Szef MSZ San Marino Luca Beccari oświadczył podczas 80. Zgromadzenia Ogólnego ONZ w Nowym Jorku, że jego kraj - mikropaństwo leżące na Półwyspie Apenińskim - oficjalne uznaje niepodległość Palestyny. Polityk podkreślił, iż "San Marino chce wysłać silny sygnał polityczny", dołączając do krajów, które już teraz uznają Palestynę i "przeszły od słów do czynów".
San Marino oficjalne uznaje niepodległość Palestyny. "Silny sygnał"
Jak ogłosił dyplomata w czasie swojego przemówienia, "San Marino oficjalnie uznaje Palestynę jako suwerenne i niepodległe państwo w bezpiecznych, uznanych przez społeczność międzynarodową granicach, zgodnie z rezolucją Organizacji Narodów Zjednoczonych".
ZOBACZ: Gwizdy przed przemówieniem Netanjahu na sesji ONZ. Dziesiątki delegatów opuściło salę
Zdaniem Beccariego "uznanie Palestyny jest konieczne do potwierdzenia, że pokój musi być zbudowany na sprawiedliwości i równości".
Wojna w Strefie Gazy trwa od 7 października 2023 roku, gdy rządzący tym terytorium Hamas napadł na południe Izraela, zabijając około 1200 osób i porywając 251. Jak informuje izraelska armia, z 48 osób nadal przetrzymywanych przez Hamas co najmniej 20 wciąż żyje.
Według kontrolowanych przez Hamas władz Strefy Gazy w izraelskim odwecie zginęło ponad 65 tysięcy Palestyńczyków.
Uznali niepodległość Palestyny. Benjamin Netanjahu reaguje
Premier Izraela Binjamin Netanjahu skrytykował w piątek na forum ONZ uznanie państwowości Palestyny przez kilka państw Zachodu. Przywódca nazwał te postanowienia haniebnymi decyzjami.
ZOBACZ: Weto USA w sprawie zawieszenia broni w Strefie Gazy. "Nie uznaje prawa Izraela"

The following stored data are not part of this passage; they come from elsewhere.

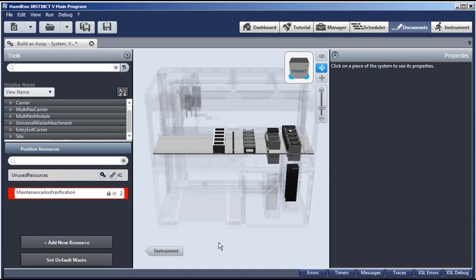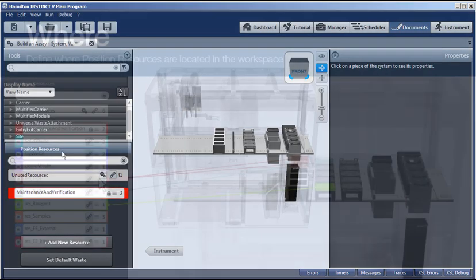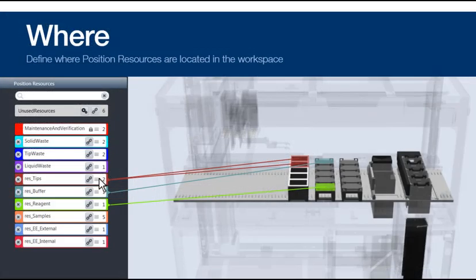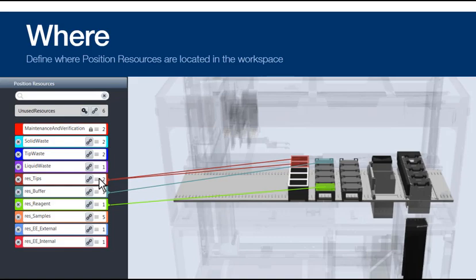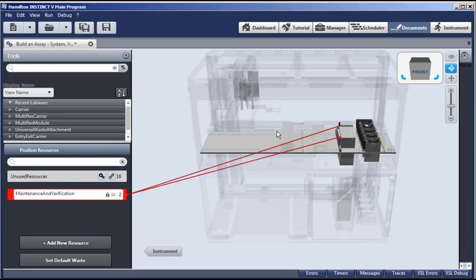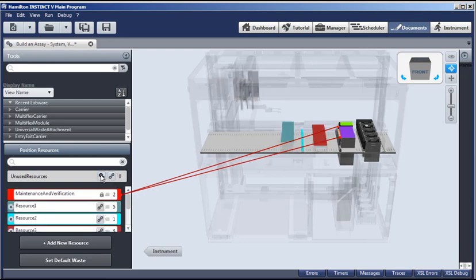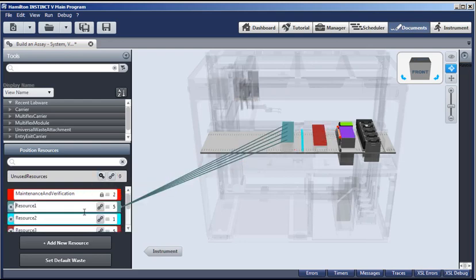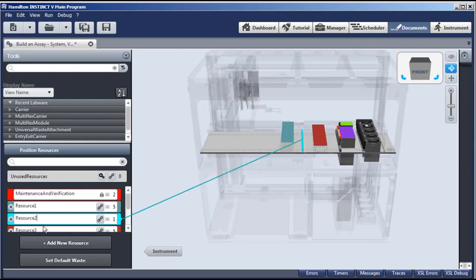So only one more thing is needed. We need to set the position resources for the labware we just added. This will provide unique names and locations where items are located for our assay. Here, back in our workspace, notice that we have two resources already set: Maintenance and verification. And these are used during startup to calibrate the track gripper and the channels. But we can generate all the remaining resources by clicking this icon. Generate resources. And now you can see that all of the other items that we placed are identified and given a default name.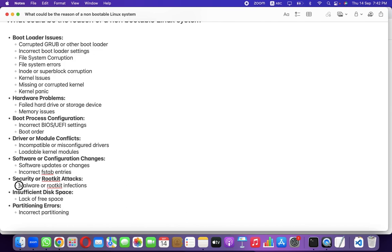It could also be a security issue — for example, malware, rootkit infections, or ransomware on the system. If the operating system is encrypted by a rootkit, malware, or virus, that can also lead to a non-bootable system. Additionally, insufficient disk space is another reason: if the system tries to write logs at boot time but there is no free space — not even a single KB — left on the disk, that can also cause a non-bootable condition.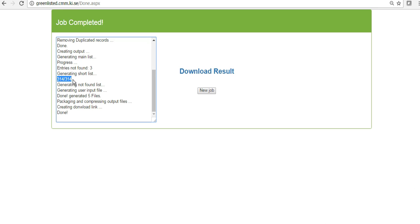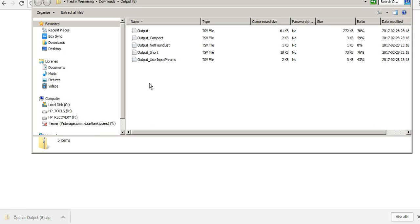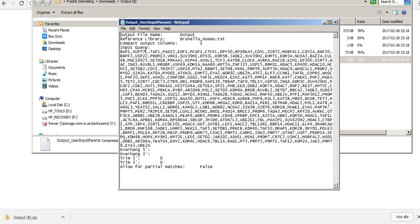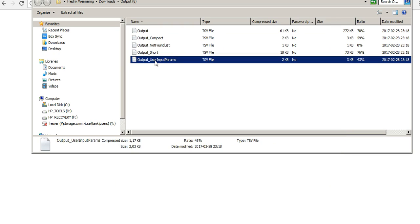It found 314 different of these genes that we wanted to target. Three of them were not found. And download the result. Here in the output user input parameters, you can just see what it was that you asked for, which genes you wanted to target, which library was used, etc. So it's a good file to keep here.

- Stworzenie państwa palestyńskiego (w odległości jednej) mili od Jerozolimy po atakach z 7 października 2023 roku to jak stworzenie państwa Al-Kaidy milę od Nowego Jorku po zamachach z 11 września 2001 roku (...). To czyste szaleństwo, to obłęd, nie zrobimy tego - zadeklarował Netanjahu.
W ostatnim czasie państwowość Palestyny formalnie uznały m.in. Francja, Wielka Brytania, Kanada i Australia.